Beyond How to Lower Your Cholesterol
Are you wondering how to lower your cholesterol after learning your lipid panel results? Is your doctor suggesting you take statins?
If you are like me and a few others, you much rather not take pharmaceutical drugs if you can help it. Of course, some of you may need them.
This post is about encouraging you to dig a little deeper and understand that there is more to this subject that meets the eye.
You will get some tips on how to reduce your cholesterol. Plus, you will learn a few things to help make informed decisions.
Each of us needs to be the captain of our health. No one needs to be more involved in your health and wellness than you do. If you get sick, you are the one who feels the pain. Right?
My first test showed total cholesterol of 249 mg/dL. I was in my twenties and my doctor sent me to a dietitian.
The dietitian was puzzled because she could not find anything to remove from my diet. I ate healthy, clean and was exercising about 8-10 hours a week.
Thankfully, the dietitian didn’t suggest any medication but I was intrigued with what just happened. Then, my detective and curious personality went to work.
There are some gender differences with cholesterol. Female sex hormones release HDL while male sex hormones lower HDL. Meaning, women usually have higher levels of HDL than men.
At menopause, though, estrogen production drops, and so does HDL. This is a good incentive for menopausal age women to find ways to raise their HDL.
Last year my total cholesterol was 258 mg/dL. It has remained about the same in a couple of decades.
There are a few things to be aware of when it comes to cholesterol.
What is Cholesterol Ratio?
Doctors use the numbers you see on your lipid blood test to learn your risk of heart disease. They seem to focus primarily on your total. Meaning, if it is over 200.
Cardiologists look at ratios. They look at LDL to HDL ratio and at total cholesterol to HDL ratio. The latter seems to be the most predictive of heart disease.
An ideal ratio is 3.5 or less.
HDL is a predictor of heart disease according to cardiologists. A study showed that men with a total cholesterol below 200 mg/dL and with an HDL under 35, had a 38 percent higher risk of heart disease. So, if possible, shoot to increase your HDL.

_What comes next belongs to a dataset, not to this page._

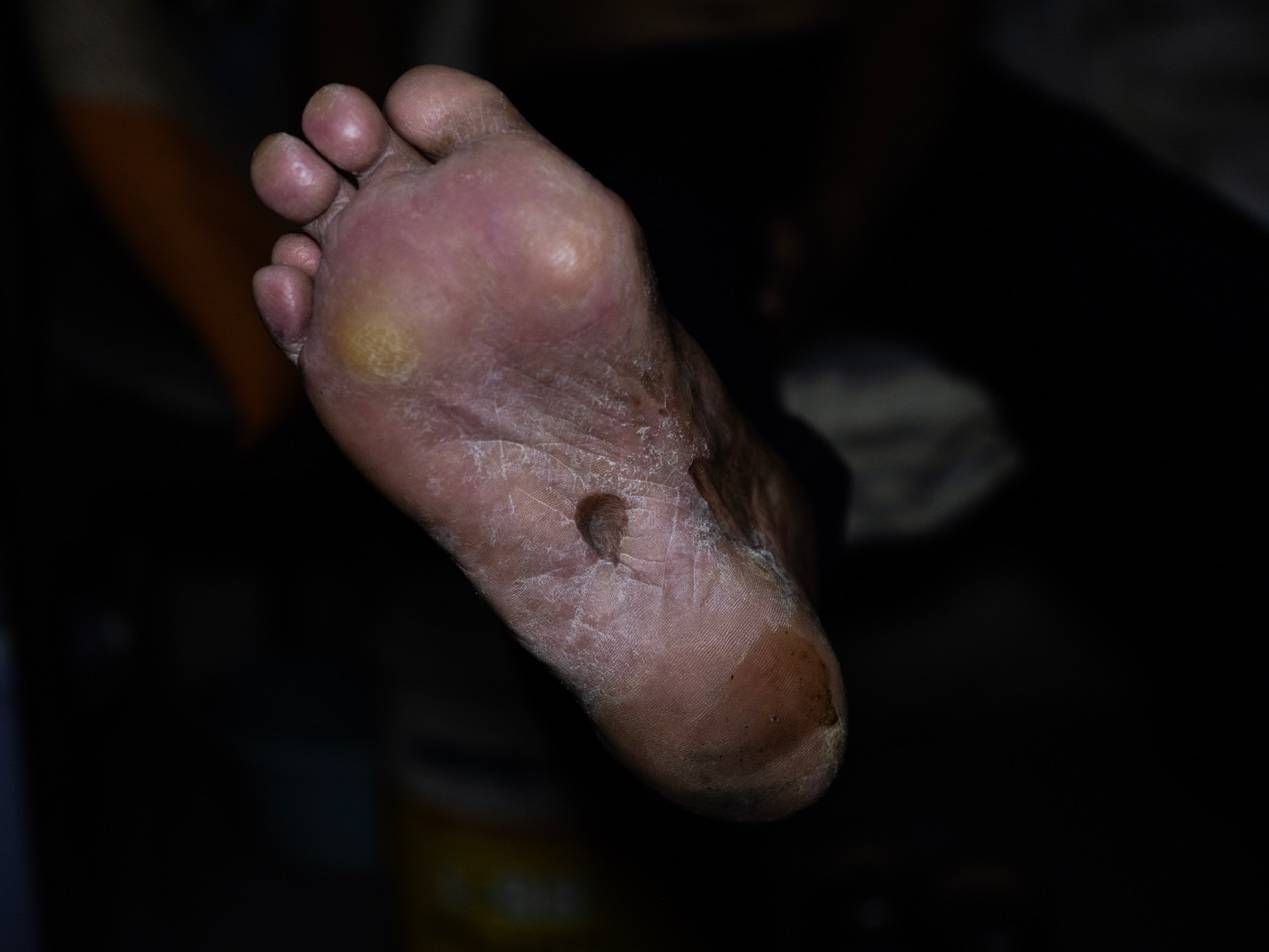 他們擠在8元一晚的旅店 幾百人搶一個(gè)活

Let’s see how the ratios work with my September 2020 total of 258. Remember, doctors advised a total of 200 mg/dL or less.
The breakdown was LDL 154 mg/dL and HDL 87 mg/dL. Looking at ratios, the LDL to HDL ratio is 1.77 (154/87) and the total cholesterol to HDL ratio is 2.97 (258/87). Those are the ratios a cardiologist would look at according to the classes I took at Dr. Sears Wellness Institute. My ratios are under 3.5.

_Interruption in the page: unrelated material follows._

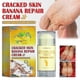 thumbnail image 2 of Jaysuing Foot Repair Cream Treatment Repair Cream Hydrating Anti-nourishing Skin Cracked Dry Itchy Feet |, 2 of 3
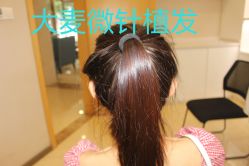 -大麦微针植发丨全国连锁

Interestingly enough, half of the people who have heart attacks have a total cholesterol under 200. Harvard Publishing (Harvard Medical School) shared the information in “Heart attack despite low cholesterol?”
Some of you may find this CNN article on one cardiologist’s mission quite interesting.
How to Lower Your Cholesterol
There are many ways to help you reduce your cholesterol. Below are three to consider.
- Exercising, having fun and eating healthy everyday foods, are some ways to control high cholesterol.
- Increasing your HDL is another way. How? Research has shown that the Mediterranean way of eating is ideal for better cholesterol and overall health. Talk about how to reduce cholesterol with diet!
- Consulting a complementary and alternative medicine (CAM)doctor.
Dr. Michael Woodworth, from Makari Wellness, is someone I have known for years. He is an Acupuncturist/Chinese Medicine doctor in Oceanside, CA.
He told me that Chinese medicine does not measure cholesterol. The reason is because it cannot be felt in the pulse ( taken at your wrists) or seen in the tongue. He shared that it is not a truly classical disease.
What he treats is the person’s pattern. He uses blood circulation herbs as well as other Chinese herbs to help people.
Do I Really Need Cholesterol Medication?
This is definitely a discussion between you and your doctor. As a matter of fact, I remember panicking over the years with my cholesterol results.
My intention is to bring you a broader perspective that you may not get from your doctor. It is up to you to investigate further and make your own decision.
You may want to ask your doctor to order a C-Reactive Protein (CRP) blood test along with your cholesterol.
Dr. Andrew Weil, as well as many physicians, believe that adults should have an hs-CRP test anytime their cholesterol is tested. CRP is a protein in the blood that signals inflammation.
“Your level of C-reactive protein can be an indicator of how at risk you are for developing cardiovascular problems. This is because the development of atherosclerosis (laying down of cholesterol inside the blood vessel walls) is associated with inflammation within the vessel walls.” Hopkins Medicine.
I will write an update and will share more in depth upcoming cholesterol details. It is my belief that every body’s body is unique and you need to be the captain of your health.
Thank you for taking the time to read this post. Hopefully, it was informative and helpful.